** Materials provided **
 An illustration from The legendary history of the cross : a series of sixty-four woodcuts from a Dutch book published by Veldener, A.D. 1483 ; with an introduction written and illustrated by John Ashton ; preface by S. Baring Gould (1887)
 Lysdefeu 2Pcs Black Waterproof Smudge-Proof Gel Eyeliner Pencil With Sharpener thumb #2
---
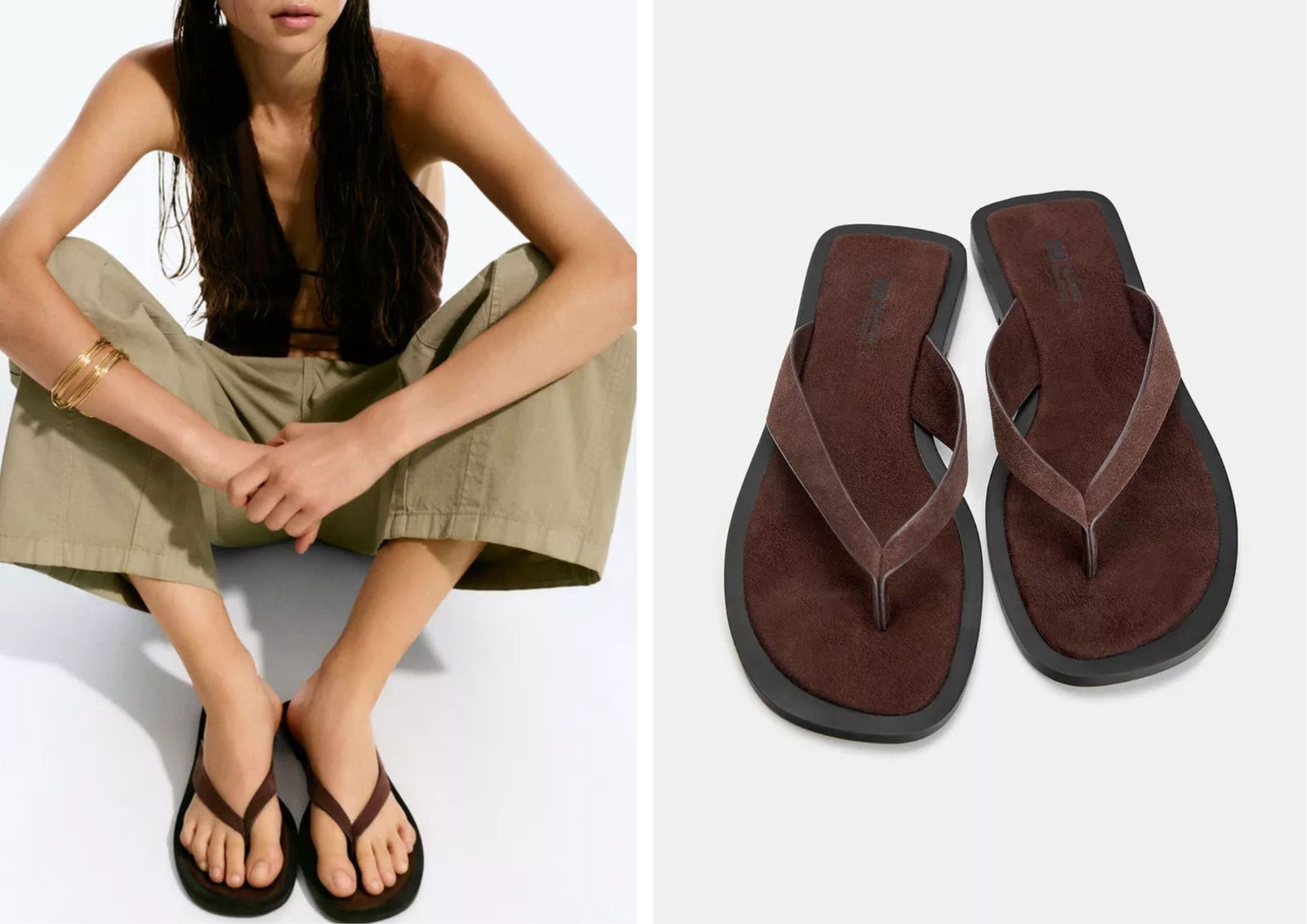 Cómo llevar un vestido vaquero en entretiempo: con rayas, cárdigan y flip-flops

** Requirement **
In the entries above, please find the line with "An illustration from" and the line with "Lysdefeu 2Pcs Black", then write out exactly those two lines and every line between them, and nothing more.

** Task solution **
 An illustration from The legendary history of the cross : a series of sixty-four woodcuts from a Dutch book published by Veldener, A.D. 1483 ; with an introduction written and illustrated by John Ashton ; preface by S. Baring Gould (1887)
 Lysdefeu 2Pcs Black Waterproof Smudge-Proof Gel Eyeliner Pencil With Sharpener thumb #2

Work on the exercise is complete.